- [Listed entries]:

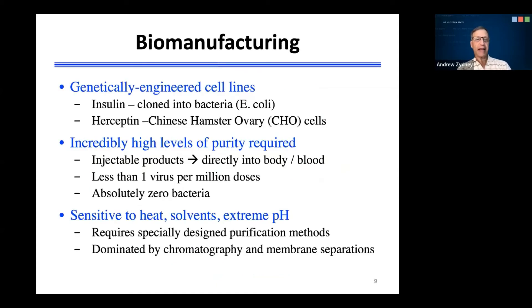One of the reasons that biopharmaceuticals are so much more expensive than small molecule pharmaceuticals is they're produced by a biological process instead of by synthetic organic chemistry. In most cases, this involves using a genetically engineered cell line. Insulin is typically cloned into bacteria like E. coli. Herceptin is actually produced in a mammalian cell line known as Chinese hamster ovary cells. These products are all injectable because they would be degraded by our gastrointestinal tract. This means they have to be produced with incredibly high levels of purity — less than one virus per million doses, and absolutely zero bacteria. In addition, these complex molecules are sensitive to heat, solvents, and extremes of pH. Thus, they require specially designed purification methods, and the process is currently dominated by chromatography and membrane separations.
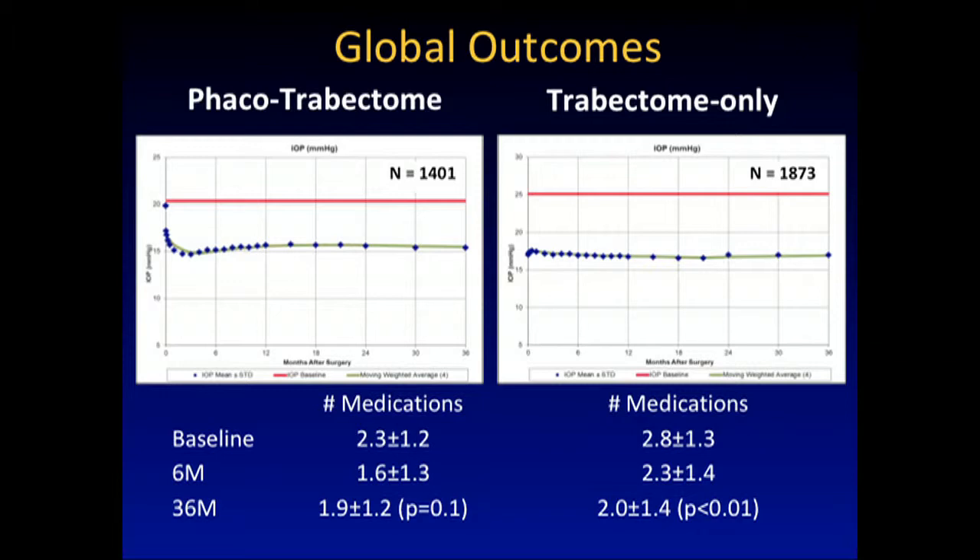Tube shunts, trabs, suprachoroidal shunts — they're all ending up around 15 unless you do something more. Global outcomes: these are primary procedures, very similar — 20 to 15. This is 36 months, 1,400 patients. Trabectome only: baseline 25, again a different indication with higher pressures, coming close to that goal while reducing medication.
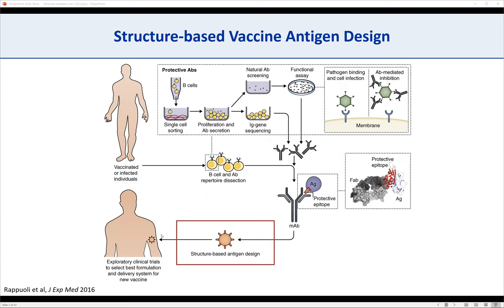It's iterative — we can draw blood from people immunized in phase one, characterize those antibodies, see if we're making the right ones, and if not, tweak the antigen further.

==

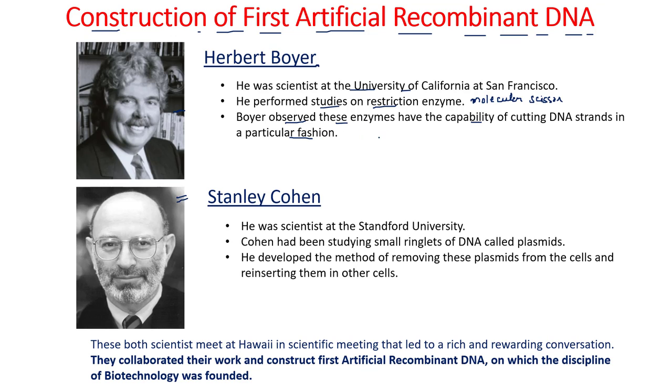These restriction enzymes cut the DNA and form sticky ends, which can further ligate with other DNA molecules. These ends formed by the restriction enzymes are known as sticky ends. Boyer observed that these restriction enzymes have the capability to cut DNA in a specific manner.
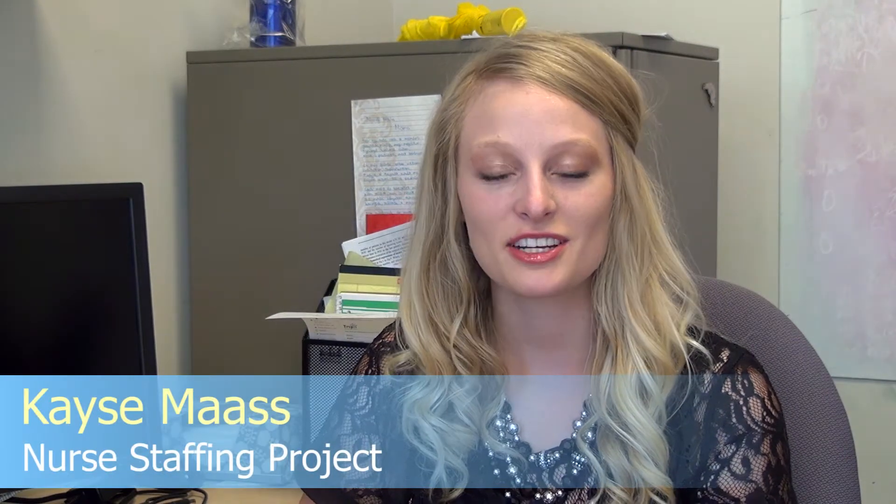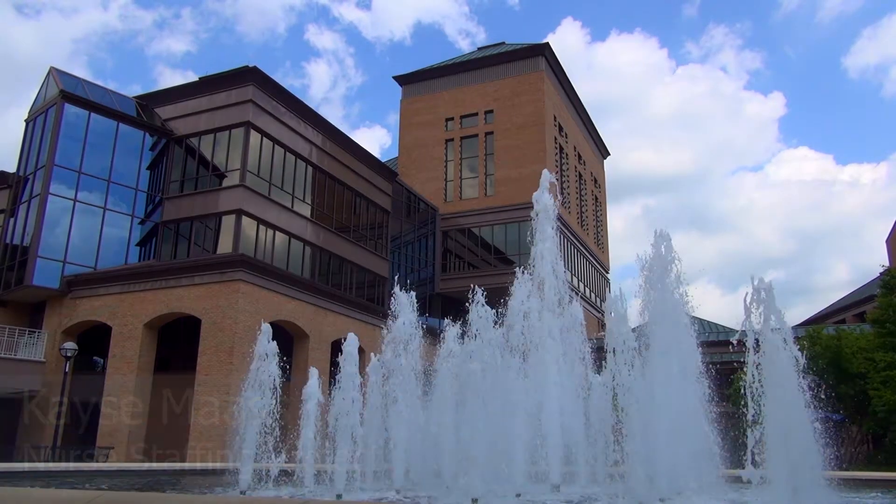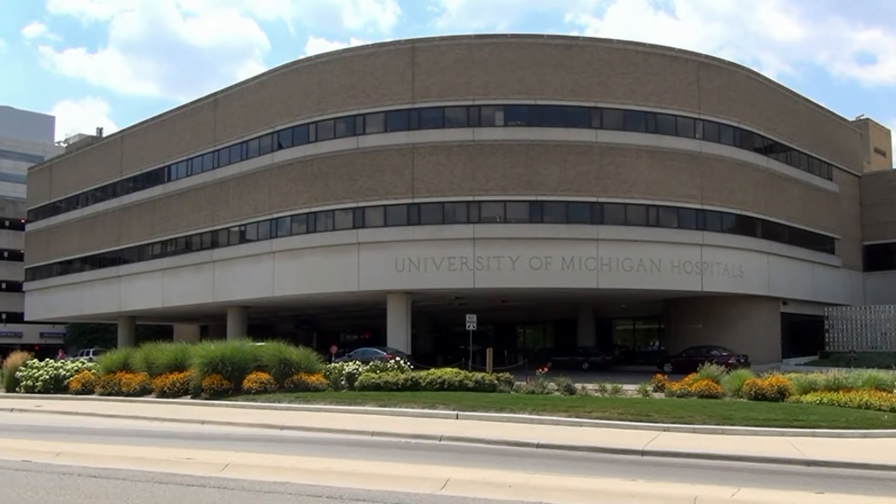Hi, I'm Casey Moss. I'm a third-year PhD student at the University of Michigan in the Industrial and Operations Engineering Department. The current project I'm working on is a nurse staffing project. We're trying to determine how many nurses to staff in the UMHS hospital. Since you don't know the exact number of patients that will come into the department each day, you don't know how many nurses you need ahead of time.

- [Exercise requirements]: In the listing above, find the line with "These restriction enzymes cut" and the line with "Hi, I'm Casey". Set down exactly those lines and everything between them, skipping pictures.

- [Exercise response]:
These restriction enzymes cut the DNA and form sticky ends, which can further ligate with other DNA molecules. These ends formed by the restriction enzymes are known as sticky ends. Boyer observed that these restriction enzymes have the capability to cut DNA in a specific manner.
Hi, I'm Casey Moss. I'm a third-year PhD student at the University of Michigan in the Industrial and Operations Engineering Department. The current project I'm working on is a nurse staffing project. We're trying to determine how many nurses to staff in the UMHS hospital. Since you don't know the exact number of patients that will come into the department each day, you don't know how many nurses you need ahead of time.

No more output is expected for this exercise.